## What is required
Collect each line of the records containing the string "strong".

::: Data supplied

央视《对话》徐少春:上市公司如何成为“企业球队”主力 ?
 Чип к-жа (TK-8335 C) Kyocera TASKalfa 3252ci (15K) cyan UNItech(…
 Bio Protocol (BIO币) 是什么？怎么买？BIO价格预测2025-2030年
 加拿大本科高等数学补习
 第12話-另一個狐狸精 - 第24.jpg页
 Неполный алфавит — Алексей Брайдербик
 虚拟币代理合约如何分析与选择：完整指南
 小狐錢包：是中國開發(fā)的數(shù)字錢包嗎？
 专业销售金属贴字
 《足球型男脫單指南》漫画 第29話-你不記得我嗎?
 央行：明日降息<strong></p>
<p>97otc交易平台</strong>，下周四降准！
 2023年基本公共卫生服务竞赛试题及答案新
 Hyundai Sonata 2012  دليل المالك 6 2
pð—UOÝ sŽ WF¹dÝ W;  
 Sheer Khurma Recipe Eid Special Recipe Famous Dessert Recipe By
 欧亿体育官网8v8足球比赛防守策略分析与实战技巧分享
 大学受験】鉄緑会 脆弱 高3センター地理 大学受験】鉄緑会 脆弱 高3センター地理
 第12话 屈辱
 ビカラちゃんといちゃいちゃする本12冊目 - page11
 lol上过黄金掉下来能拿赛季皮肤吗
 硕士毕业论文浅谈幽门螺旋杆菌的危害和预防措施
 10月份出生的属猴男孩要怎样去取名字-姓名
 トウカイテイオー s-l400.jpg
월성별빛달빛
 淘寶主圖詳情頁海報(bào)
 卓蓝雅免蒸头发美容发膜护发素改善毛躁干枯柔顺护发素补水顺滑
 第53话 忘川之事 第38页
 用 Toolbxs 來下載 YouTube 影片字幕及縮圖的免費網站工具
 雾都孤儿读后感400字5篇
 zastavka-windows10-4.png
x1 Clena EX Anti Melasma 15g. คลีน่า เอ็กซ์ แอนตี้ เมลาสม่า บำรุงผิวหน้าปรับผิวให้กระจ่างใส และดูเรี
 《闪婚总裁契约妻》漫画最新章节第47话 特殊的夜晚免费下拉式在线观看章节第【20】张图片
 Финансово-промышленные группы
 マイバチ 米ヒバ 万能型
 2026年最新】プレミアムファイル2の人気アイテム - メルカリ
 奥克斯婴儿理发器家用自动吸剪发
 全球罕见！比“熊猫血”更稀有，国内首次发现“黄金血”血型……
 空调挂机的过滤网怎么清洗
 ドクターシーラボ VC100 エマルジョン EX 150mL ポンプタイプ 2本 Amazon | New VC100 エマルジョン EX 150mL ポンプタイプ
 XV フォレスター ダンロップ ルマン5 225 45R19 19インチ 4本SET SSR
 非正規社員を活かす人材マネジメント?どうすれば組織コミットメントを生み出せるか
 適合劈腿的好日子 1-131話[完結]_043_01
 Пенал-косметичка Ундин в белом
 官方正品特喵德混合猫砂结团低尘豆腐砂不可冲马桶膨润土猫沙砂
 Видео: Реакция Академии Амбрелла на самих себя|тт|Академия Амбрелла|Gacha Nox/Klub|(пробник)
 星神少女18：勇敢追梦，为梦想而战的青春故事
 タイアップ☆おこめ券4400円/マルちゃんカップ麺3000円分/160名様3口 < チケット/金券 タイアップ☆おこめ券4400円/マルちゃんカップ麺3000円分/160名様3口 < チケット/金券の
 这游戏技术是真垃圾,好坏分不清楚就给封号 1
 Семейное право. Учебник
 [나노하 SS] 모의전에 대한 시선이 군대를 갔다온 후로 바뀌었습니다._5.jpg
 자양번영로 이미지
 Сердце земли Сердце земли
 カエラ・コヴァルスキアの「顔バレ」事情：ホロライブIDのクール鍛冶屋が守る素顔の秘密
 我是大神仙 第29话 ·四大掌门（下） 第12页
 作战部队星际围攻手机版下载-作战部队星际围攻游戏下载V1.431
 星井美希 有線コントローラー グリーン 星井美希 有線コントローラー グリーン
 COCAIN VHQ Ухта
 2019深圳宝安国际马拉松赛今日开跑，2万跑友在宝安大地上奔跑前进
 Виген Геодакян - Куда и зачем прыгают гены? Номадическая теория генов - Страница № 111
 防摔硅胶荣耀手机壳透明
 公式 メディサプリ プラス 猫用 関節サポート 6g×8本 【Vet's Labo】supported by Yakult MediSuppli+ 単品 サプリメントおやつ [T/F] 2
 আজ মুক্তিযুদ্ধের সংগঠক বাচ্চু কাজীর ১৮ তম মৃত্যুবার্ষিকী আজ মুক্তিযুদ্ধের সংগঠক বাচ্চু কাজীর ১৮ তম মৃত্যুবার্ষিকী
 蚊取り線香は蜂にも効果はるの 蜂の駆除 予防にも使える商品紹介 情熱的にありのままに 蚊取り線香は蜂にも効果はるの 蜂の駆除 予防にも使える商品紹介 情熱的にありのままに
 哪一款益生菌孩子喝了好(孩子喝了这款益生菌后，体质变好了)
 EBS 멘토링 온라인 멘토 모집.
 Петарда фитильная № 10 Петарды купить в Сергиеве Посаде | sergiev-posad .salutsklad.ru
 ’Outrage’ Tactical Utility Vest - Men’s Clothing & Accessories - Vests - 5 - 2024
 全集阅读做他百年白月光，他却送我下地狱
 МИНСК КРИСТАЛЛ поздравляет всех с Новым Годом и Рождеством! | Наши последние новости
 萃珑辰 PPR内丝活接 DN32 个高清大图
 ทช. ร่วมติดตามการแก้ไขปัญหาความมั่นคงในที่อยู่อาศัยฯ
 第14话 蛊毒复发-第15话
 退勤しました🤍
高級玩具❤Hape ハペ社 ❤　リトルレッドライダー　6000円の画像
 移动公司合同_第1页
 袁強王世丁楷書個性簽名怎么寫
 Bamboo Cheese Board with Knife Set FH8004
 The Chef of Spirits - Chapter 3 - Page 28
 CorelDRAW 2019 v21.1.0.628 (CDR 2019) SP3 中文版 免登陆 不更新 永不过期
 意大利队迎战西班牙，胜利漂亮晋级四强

::::::

## Task result
 央行：明日降息<strong></p>
<p>97otc交易平台</strong>，下周四降准！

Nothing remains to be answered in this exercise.